Internal Port tells the router exactly where to send Plex traffic on the LAN. You made a note of this port while setting up the Plex server. The default is 32400.
Protocol dictates what kind of traffic is allowed to be forwarded. Set it to ‘TCP’ or ‘Both,’ but only TCP is needed.
Device IP specifies your Plex server’s static IP address. You made a note of this number while setting up your Plex server.
The Enabled check box allows you to turn port forwarding for Plex on and off. Make sure it’s on.
When you’re finished, click the OK button and exit the web interface for your router.
Setting up your VPN
Now that the router has been set to forward the proper port, you can configure your VPN.
IPVanish is a paid VPN service with with server locations all over the world.
We strongly recommend it for anyone who needs to be able to browse the web anonymously, and do it without slowdowns or complicated config files associated with many VPNs. IPVanish is one of the few VPNs that doesn’t keep any form of log files so your activity is truly private and you won’t have to worry about your ISP or others spying on your online activity.
Reader deal: Save up to 60% on IPVanish plans
If you have config files for another VPN server, you can connect using OpenVPN. We’ll show you how to set up Plex over VPN using both IPVanish and OpenVPN.

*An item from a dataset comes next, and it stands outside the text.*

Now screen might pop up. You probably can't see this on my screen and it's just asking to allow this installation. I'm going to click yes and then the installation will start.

Install and configure IPVanish
IPVanish is much easier then OpenVPN to install and configure.
If it’s already installed on your Plex server, you can skip over the installation guide and download Comparitech’s edited version of IPVanish.config right here. Just make sure to save it to the proper place, usually C:\Program Files\IPVanish\OpenVPN\
To install IPVanish, visit this link and click the Download Now button. You will have to be logged in to your account in order to download the IPVanish installation.
Take note of the path, because you’ll need to edit a configuration file where you choose to install IPVanish. The default path in Windows is C:\Program Files\IPVanish and that’s where you should install it.

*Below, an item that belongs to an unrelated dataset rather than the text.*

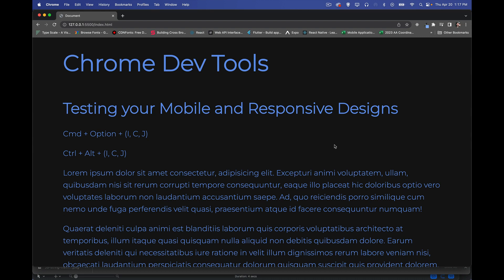Today we're going to be talking about Chrome DevTools, specifically about testing mobile and responsive designs. This is part of a playlist on Chrome DevTools — you'll find the link in the description. This video focuses on a situation where you've been working on your design and you don't have a stack of a hundred different devices to test it on at different resolutions, with different features and capabilities.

Next, your computer will need to be restarted after installing IPVanish.
After restarting your computer, open an explorer window to the path that you installed IPVanish. If you’re following along step-by-step, it will be C:\Program Files\IPVanish and you’ll need to locate the OpenVPN directory in order to edit a file.
Now, open up the OpenVPN directory and right-click on IPVanish.config and then select the Open menu item.
You’ll need to tell Windows to open IPVanish.config using Notepad.
Once IPVanish.config is open for editing, add route plex.tv 255.255.255.0 192.168.1.1 to the end of the config file, then save your changes.
Then start IPVanish using the shortcut on your desktop, and connect to a VPN server as usual. The script that you saved in your IPVanish.config file will tell your VPN connection to ignore Plex traffic and route it as usual.
If you’re using IPVanish as your VPN provider, you can skip to the final step.
Install and configure OpenVPN
Installing OpenVPN is pretty straightforward. You’ll want to download the Windows installer here. Skip this section if you’re using IPVanish or another VPN provider’s app.
Make sure you get the OpenVPN Windows installer from the website, and not the source code.
After downloading, open up the file and give it permission to run. The install wizard will start, and it’s fine to click through using the default options. When the OpenVPN installer is done, click Finish and move on to the next step.
Once OpenVPN is installed, you can set it up. The process can be complicated, so we’ve pre-made a secure configuration file to be imported and used right away. It will automatically connect you to a free OpenVPN tunnel in the United States.
Our OpenVPN configuration file can be downloaded here. If necessary, the configuration file can be edited in Notepad. Once you’ve downloaded the configuration file, you need to make a few quick changes to OpenVPN and then you can import it.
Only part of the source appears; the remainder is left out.